Let's also have in mind that we have a lot of traffic of user agents that look lawful but we know (due to request frequency) that they are bots. Thus far we 
are not tackilng that problem.

Thanks, 

Nuria




On Fri, Nov 13, 2015 at 3:56 PM, Bryan Davis <bd808@wikimedia.org> wrote:
On Mon, Nov 2, 2015 at 10:27 AM, Nuria Ruiz <nuria@wikimedia.org> wrote:
> Team:
>
> Please take a look at Mediawiki API data needs, they made a nice wiki page
> for us to understand what type of data do they need.
>
> https://www.mediawiki.org/wiki/User:BDavis_%28WMF%29/Projects/Action_API_request_analytics
>
> We already talked with them about using our user_agent data on wmf table so
> they can start on those reports right away so you might see some oozie CRs
> on that regard. Please have in mind that API folks need raw user agents (as
> every API client should have a unique one) rather than processed ones.
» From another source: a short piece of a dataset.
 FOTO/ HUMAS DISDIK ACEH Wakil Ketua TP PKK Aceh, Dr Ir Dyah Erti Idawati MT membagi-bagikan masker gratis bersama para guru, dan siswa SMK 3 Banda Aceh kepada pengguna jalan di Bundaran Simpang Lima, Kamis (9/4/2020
I've updated the wiki page with some refined ideas and now have a
short section at the end that gives some really rough numbers that
I've taken from the existing wmf.webrequests data for 2015-11-01.

Some interesting things there at least for me and the people I've
shared these early findings with:

* api.php gets hit 450M+ times a day by 300K+ distinct user-agents
* 65 user-agents each make >1M requests per day
* The top user-agent is no user agent at all (missing/empty header)
* Only 1% of Action API traffic comes from WMF servers (excluding labs)
* The existing ua based classification of "spider" misses a lot of
user-agents that are obviously bots
* We have a lot of API consumers that are violating the posted policy
of using a unique ua for requests

I have a couple of small patches up for review [0][1] to introduce a
new UDF that can be used to classify an IP address as coming from an
internal, external or labs host. I hope to have some oozie and hive
scripts for review by the end of next week.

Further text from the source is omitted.